UC Davis の Introduction to Graphics Architecture (EEC 277)

YouTube で UC Davis の講義「Introduction to Graphics Architecture」を視聴し始めました.2009 年に撮影されたようなので今から約 10 年前の講義ということになります.コンピュータ・グラフィックスのハードウェア的側面を扱った講義で,第 1 回の講義を聞いたらとても良かったので,ここに感想とメモを残しておきます.全 14 回を制覇できるかわかりませんが,視聴する度にこのページを更新します.

コース一覧
  1. Introduction / Course Overview

  2. OpenGL Graphics Pipeline Overview

  3. Graphics Performance and Characterization

  4. Programmability

  5. GPGPU 1

  6. GPGPU 2

  7. VLSI Trends: Why Graphics Hardware Is Fast

  8. Geometry

  9. Rasterization

  10. Texture

  11. Composition/display

  12. Overflow from the Pipeline Lectures

  13. Juggling the Pipeline

  14. Parallelism

ゲストスピーカー
  • Matt Pharr, Intel No Video

  • Aaron Lefohn, Intel No Video

  • John Nickolls, NVIDIA GPU Graphics and Compute Architecture

  • Justin Hensley, AMD/ATI The Latest Graphics Processing Units

  • Jeremy Sugerman, Stanford GRAMPS: A Programming Model for Graphics Pipelines and Heterogeneous Parallelism

第 1 回 Introduction / Course Overview

2018年4月14日視聴.

講義内容
  • 講師の自己紹介

  • GPU の歴史

  • コースアウトライン

  • 5 人のゲストスピーカーについて

  • 宿題について

第 1 回の講義でいきなりコースの概要や評価方法を説明するのではなく,GPU の歴史から入り講義トピックの面白さに学生を引き込むのは上手いなと思いました.学生時代 X-Windows のドライバ設定で画面走査のレートや幅を調整したのは,フレームバッファが高価だったからなのですね.CG のレンダリングの歴史も面白かったです.
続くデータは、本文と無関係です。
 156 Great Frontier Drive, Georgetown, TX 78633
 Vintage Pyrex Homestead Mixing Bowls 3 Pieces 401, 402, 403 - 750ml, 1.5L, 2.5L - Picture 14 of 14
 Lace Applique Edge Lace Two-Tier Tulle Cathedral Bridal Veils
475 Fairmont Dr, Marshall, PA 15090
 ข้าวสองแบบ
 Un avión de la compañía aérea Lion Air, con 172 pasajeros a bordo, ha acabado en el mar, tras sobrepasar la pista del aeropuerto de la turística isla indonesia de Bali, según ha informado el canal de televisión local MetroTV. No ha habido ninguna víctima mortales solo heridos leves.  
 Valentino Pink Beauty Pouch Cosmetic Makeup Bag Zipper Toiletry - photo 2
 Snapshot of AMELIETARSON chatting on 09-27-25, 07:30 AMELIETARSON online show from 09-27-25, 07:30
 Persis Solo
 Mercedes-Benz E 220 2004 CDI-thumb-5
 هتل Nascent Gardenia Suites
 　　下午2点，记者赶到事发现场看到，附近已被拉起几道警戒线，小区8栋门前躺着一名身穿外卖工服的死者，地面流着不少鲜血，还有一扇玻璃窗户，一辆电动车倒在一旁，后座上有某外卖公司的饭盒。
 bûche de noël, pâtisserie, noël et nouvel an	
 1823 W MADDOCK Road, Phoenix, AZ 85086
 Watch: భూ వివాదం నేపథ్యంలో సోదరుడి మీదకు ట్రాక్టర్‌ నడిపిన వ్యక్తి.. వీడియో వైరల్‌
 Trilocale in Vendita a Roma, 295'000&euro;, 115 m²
私はこれまで OpenGL の独学を何度も試みましたが何度も挫折しました.一般向けグラフィックライブラリの API とかけ離れていたからです.コースアウトラインの紹介では,OpenGL のパイプラインについて少し説明があり,また,今後コース中でなぜこのようなパイプラインになっているか説明があるということで,OpenGL の理解が深まりそうで楽しみです.

参考図書として推薦された「Real-Time Rendering」by Akenine-Moeller, Haines, and Hoffman は 2018 年 8 月に第 4 版が出版されるようなので,相当良い本なのでしょう.

評価方法はテストはなしで宿題のみ
  • 3 ページで門外漢にグラフィック・パイプラインを説明する(10%).

  • GPU の評価.Triangles vs fill rate をそれぞれ計測し,コードと分析結果を提出(30%).

  • グラフィック・ハードウェアを使ったプロジェクト.興味深い使い方を求む(50%).